In the same week that Binayak Sen talked on television about famine and genocide, India Today came out with a cover story whose cover photo was designed to cock a snook at nay-sayers. Composed like an ad for a mobile phone company, it had turbaned rural gentry with mobiles to their ears, riding in a roofless red limousine against a backdrop of lush green fields. The story's opening sentences proclaimed that “islands of poverty still exist but most of rural is transformed beyond imagination thanks to a host of factors.” I can almost hear all those human rights activists who regularly post grim stories on Internet mailing lists gag. Whatever happened to the earlier stock stories of farmers' suicides, and the current ones about why Maoists are spreading their tentacles everywhere? They were given the go-by in the search for a positive change story.

Diverse realities

When you live in a geographically vast country of a billion-plus, you can find the evidence to support any story you want to get. In a country where famers commit suicide, there will also be those who upgrade their wheels with a particularly lucrative harvest. But the truth is that a feel-good story about rural India is as rare as it is welcome. While the reporters who found the stories to put into India Today's cover package seem to have steered clear of the Naxal-affected districts or, for that matter, those districts in Andhra or Maharashtra which saw farmers' suicides, they did go to Kalahandi in Orissa and report on its transformation. And to West Bengal to report on the efficacy of NREGA there. Also to other districts in other parts of the country to report on how technology and innovations, changed cropping patterns, NREGA, and access to finance are transforming the landscape.

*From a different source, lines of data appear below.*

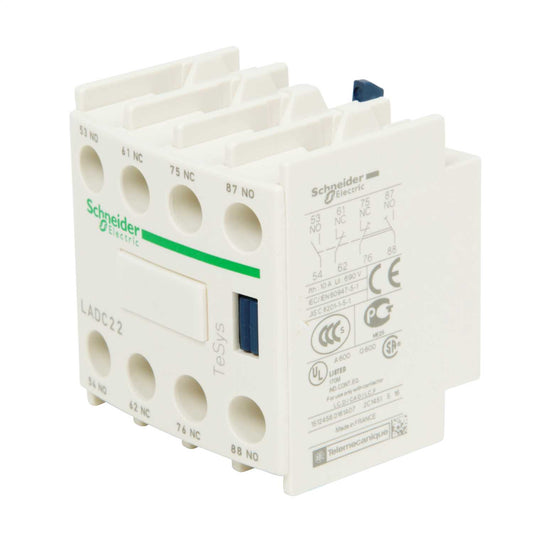 Schneider TeSys Auxiliary Contact Block 2 NO + 2 NC Contacts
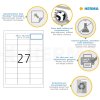 Etichette A4 bianche 63,5x29,6 mm Carta mobile-rimovibile opaca 2700 pz.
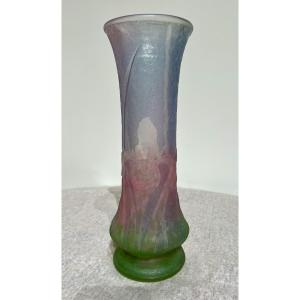 Iris - Vaso art nouveau Daum Nancy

And so, even as Binayak Sen, Vara Vara Rao and others describe how displacement on account of big projects is taking away the poor tribal's tenuous lifeline and driving him to the brink of starvation, in this magazine you got a breathtakingly different take on land as an issue. It told you that farmers were selling part of their land, even when they had modest holdings, to transform their bank balances, because the price of rural land had shot up. The magazine went to villages not far from Bangalore or Gurgaon to report that “Ford Endeavours rub bonnets with Skodas and Scorpios.” They did not go to Dantewada or Lalgarh. They did go to rural Punjab where malls and multiplexes are sprouting. You could storm at the political incorrectness of a story that says “the tribal dude has arrived” because NREGA is incentivising tribal youth from Jhabua to migrate to Gujarat and elsewhere in search of higher wages which then enable them to acquire denims and imitation Ray Ban shades. But you have to laud the magazine for having the gall to bring you a story on the brighter side of rural India at a time when Maoism overshadows any discussion on the subject.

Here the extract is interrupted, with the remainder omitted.